Humor tentang agama dan suku di masa kini, ujar Yusi, menjadi sesuatu yang sensitif dan mudah menyinggung banyak orang.
"Di masa Orde Baru Soeharto dulu banyak humor yang berkembang, termasuk canda terkait agama dan suku. Namun saat ini tidak banyak lagi terutama sejak peristiwa Tabloid Monitor," kata penulis kumpulan cerpen "Rumah Kopi Singa Tertawa" ini.
Tabloid Monitor, dalam terbitannya tanggal 15 Oktober 1990 memuat hasil "jajak pendapat" independen tentang tokoh paling dikagumi oleh para pembaca mereka dan membuat marah penganut Islam di Indonesia.

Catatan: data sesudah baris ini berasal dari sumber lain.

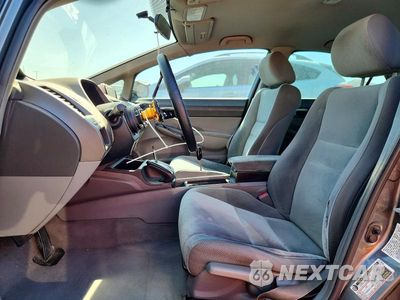 Zdjęcie 7 z 12 samochodu: 2011 HONDA CIVIC GX VIN:19XFA4F53BE000263 - miniatura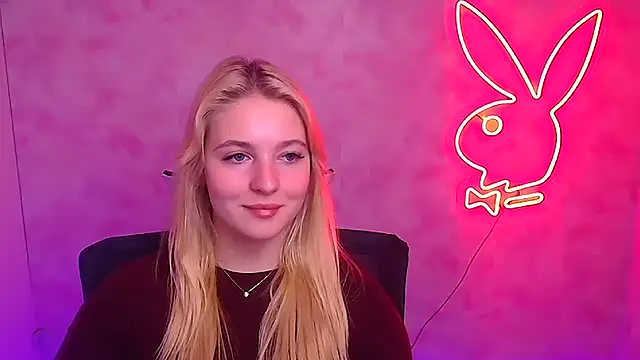 Snapshot of Milka_kiss_ chatting on February 6, 1:43 pm Milka kiss online show from February 6, 1:43 pm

"Kasus inilah jadi salah satu faktor utama berkurangnya humor yang menyangkut tentang agama," tutur Yusi.
Selain itu, Yusi menambahkan, ada juga kecenderungan rakyat tidak lagi berani melontarkan humor bernada suku kepada orang lain.
"Kalau menyindir sukunya sendiri banyak, seperti di stand up comedy. Namun melontarkan candaan tentang suku orang lain sudah tidak biasa lagi digunakan di masa kini," tuturnya.
Merujuk ke masa kini, Yus menilai orang Indonesia tidak lagi terlalu percaya dengan kata-kata yang bisa membuat orang lain tertawa, harus didukung dengan visualisasi gambar.
"Rakyat tidak lagi terbiasa dengan tulisan-tulisan satir," katanya.
Sementara itu Tri Agus Susanto Siswomiharjo menganggap pada dasarnya humor di masa kini dan masa lalu sama, hanya modernitas membawanya menjadi berbeda dalam sarana penyampaian.
"Kalau zaman dahulu memang berbeda karena lelucon disampaikan melalui cerita yang disajikan dalam bentuk narasi," kata Agus.
Masih dari sudut pandang Agus, humor bisa menjadi salah satu bentuk sosialisasi perlawanan terhadap kesewenang-wenangan rezim penguasa, selain melalui cara lain seperti teater.
"Humor adalah sarana yang paling ringan dan mudah diterima oleh semua orang," ujar dia.